Potete iniziare ad avviarvi? Noi vi raggiungiamo tra un attimo!
Sempre
più perplesse, le due studentesse acconsentirono e iniziarono ad allontanarsi.
-Allora…
Sei pronto?
Kageyama
guardò negli occhi la sua fidanzata: no, non era affatto pronto, ma non aveva
scelta.
-Devo
farlo.
Cassandra
annuì, porgendo poi la mano all’altro. Reiji rimase a osservarla per qualche
secondo prima di accettare l’invito, abbandonandosi al ricordo di quando la
ragazza aveva compiuto il medesimo gesto per aiutarlo a uscire di casa. Una
volta stretta la mano a Cassandra, questa lo tirò verso di sé per averlo più
vicino.
-Non ti lascerò
da solo. Passerò ogni ora a controllare come va, ti accompagnerò a parlare con
i professori, ti invierò un messaggio ogni volta che posso. Quindi non
preoccuparti, va bene?
Trovarsi
di colpo così vicino alla sua fidanzata fece battere più forte il cuore a
Kageyama, ma il dolce imbarazzo e il senso di protezione che l’altra gli
trasmetteva lo aiutarono a calmarsi. Il ragazzo riuscì ad abbozzare un sorriso.
-Va bene,
mi fido di te.
Una volta
arrivati di fronte alla Raimon, Reiji si prese un attimo per farsi coraggio
prima di entrare.
-Vuoi che
ti accompagni fino in classe?
Il
ragazzo fece cenno di no.
-Ricordami
solo la tua sezione.
-Oh… Sono
della sezione 4, la nostra aula è vicina al laboratorio audio-visivo.
-Mh, non
me la ricordo… Mostramela.
Con
quella scusa Kageyama insistette per accompagnare la ragazza alla sua classe e
andare da solo nella sua. Non voleva che i suoi compagni lo vedessero con
Cassandra, non in quel momento: lo avrebbero importunato abbastanza senza
vederlo in compagnia di una ragazza.
Quando il
giovane varcò la soglia dell’aula nella stanza calò il silenzio. Senza farci
caso, Kageyama si avviò al suo banco, ignorando ogni suo compagno, sistemandosi
nel suo angolo in fondo alla classe e tirando fuori i suoi libri di testo per
cominciare a studiare.
Purtroppo
quella calma non durò a lungo e uno dei ragazzi si sedette sul banco di fronte
a quello di Reiji, per poi piazzare i piedi sul banco dell’altro.
-Ehi
Kageyama, pensavamo fossi morto!
Il
calciatore alzò gli occhi spenti sul compagno, riportandoli sui libri di testo
dopo un attimo.
-Sono
stato male.
Il
ragazzo scoppiò a ridere.
-E che
razza di malattia ti sei preso per stare chiuso in casa così tanto? Sicuro che
non sia contagiosa?
Reiji
sospirò mentre le battute e le risatine si facevano strada in tutta la classe.

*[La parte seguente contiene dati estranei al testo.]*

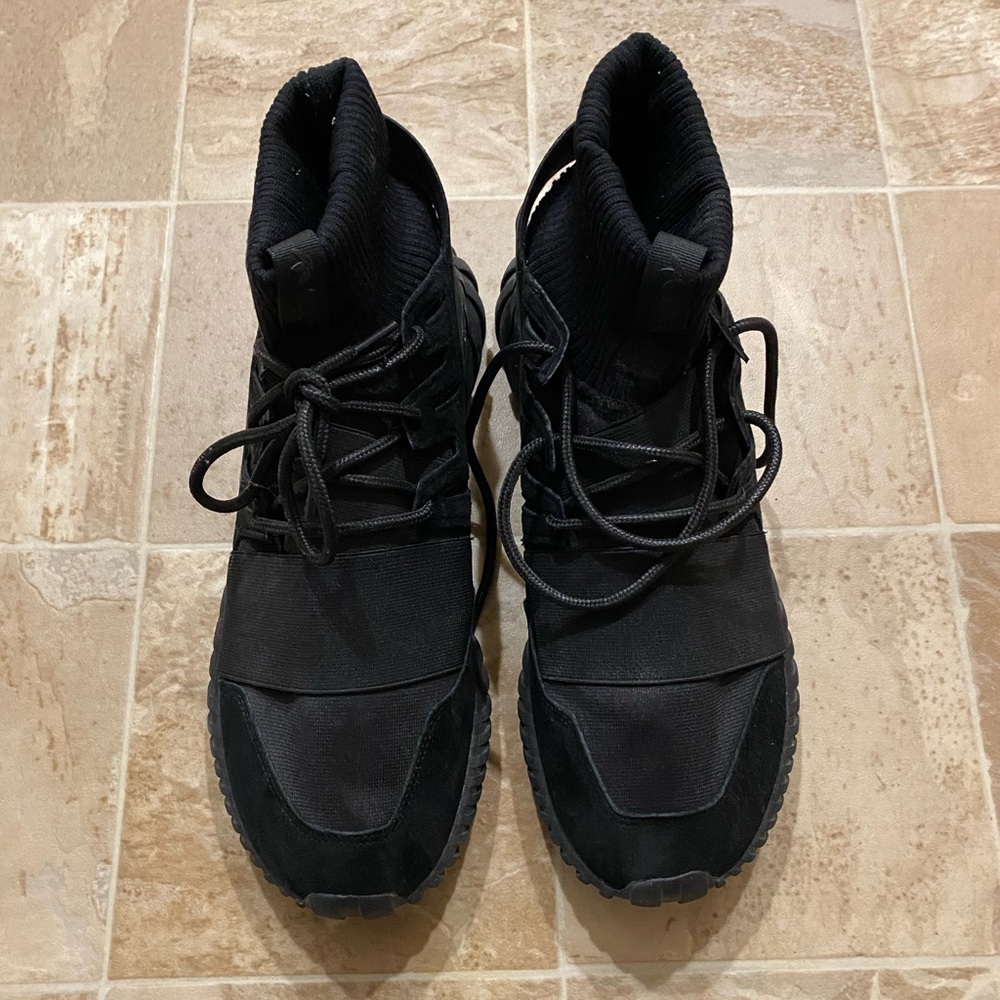 Adidas suede tubular doom (blackout)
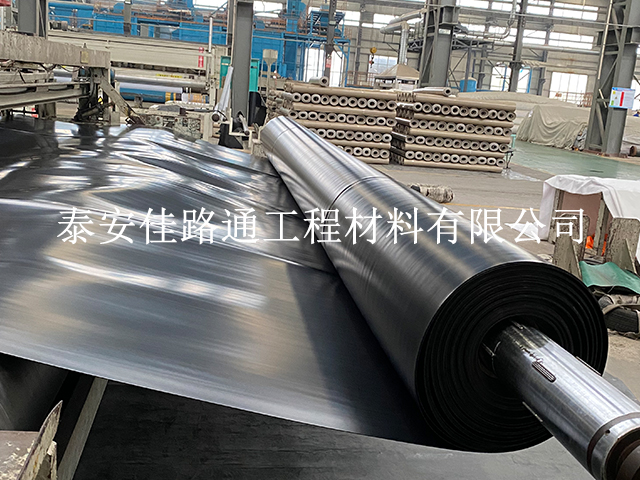 防滲土工膜施工中如何及時(shí)修復(fù)破損情況？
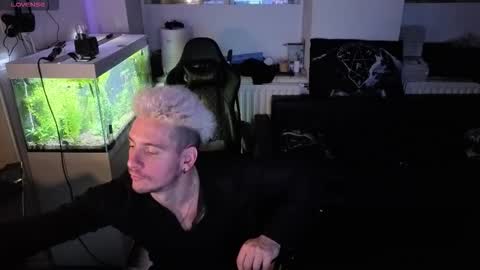 Rayzel online show from March 19, 6:22 pm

Aveva smesso di far caso a quei commenti quasi un anno prima, il suo timore era
che se ne aggiungessero di nuove, relative a quello che gli era successo e alla
sua relazione con Cassandra. Fortunatamente i suoi compagni sembravano
all’oscuro di tutto e, con l’arrivo del professore, il ragazzo poté
concentrarsi sulla lezione e non pensare ad altro.
Scappando
dalla classe ogni volta che poteva, Kageyama riuscì ad arrivare senza grandi
problemi alla pausa pranzo, che passò insieme a Cassandra e le sue due amiche.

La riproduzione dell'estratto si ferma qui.